I was subject to this. I was wallowing through life, replenishing my soul, afraid to dream of my shadows, afraid to break the eggshells I stepped upon until I spoke up. I spoke up because I had to. I spoke up to save my own life. I spoke up because my soul was fighting for survival. Because of my diagnosis of Borderline Personality Disorder people were horrible to me about my illness and that’s when I remembered Einstein’s quote; “The evil of the world isn’t those who do evil but those who look on without doing anything.”

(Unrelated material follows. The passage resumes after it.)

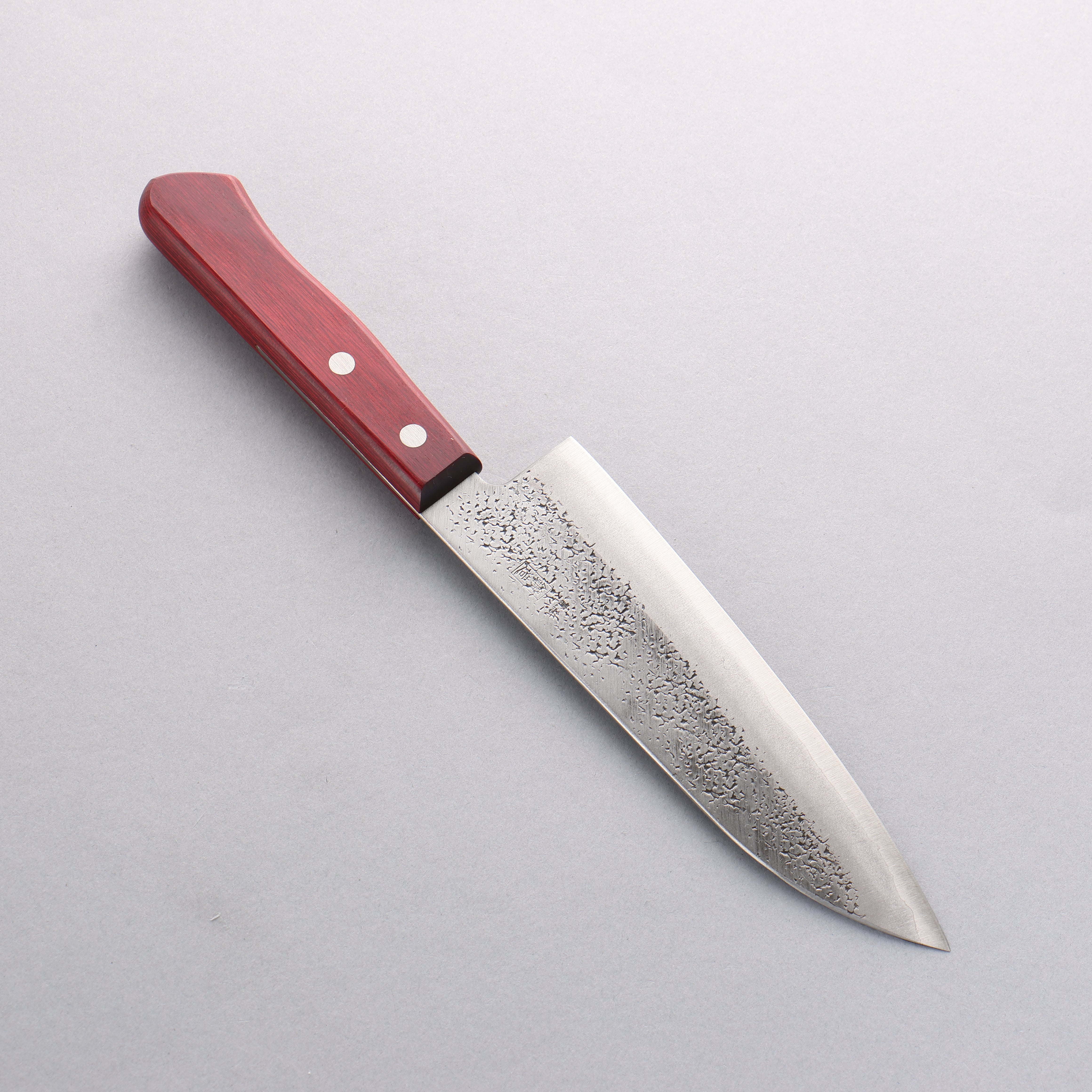 Seisuke Blue Super Hammered Santoku 165mm Red Pakka wood Handle - Seisuke Knife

I remembered my worth. I remembered that I had a soul. I remembered that I’d never lower myself to the level of those who hurt, betrayed or laughed at me during the difficult times. I fought a battle to explain how some conditions affect the brain except my voice wasn’t heard much. I suppose those in medical power sometimes feel like because they have control it makes them feel better to allow others to struggle. Ever heard of the Milgram experiment? Exactly. There’s very few people we can truthfully trust in this world and ourselves has to be the first because if we don’t look out for ourselves we will only be met with more stigma, more discrimination and an ancient society.
It’s time to make change. It’s time to make a difference. I’m living proof that mental health conditions do change the brain and I’m also living prove a borderline can have empathy. What do I owe to the world? My faith. My charisma. My skills. My passion. My love. Education, respect and dignity to all those who are dealing with their demons in the most extraordinary way.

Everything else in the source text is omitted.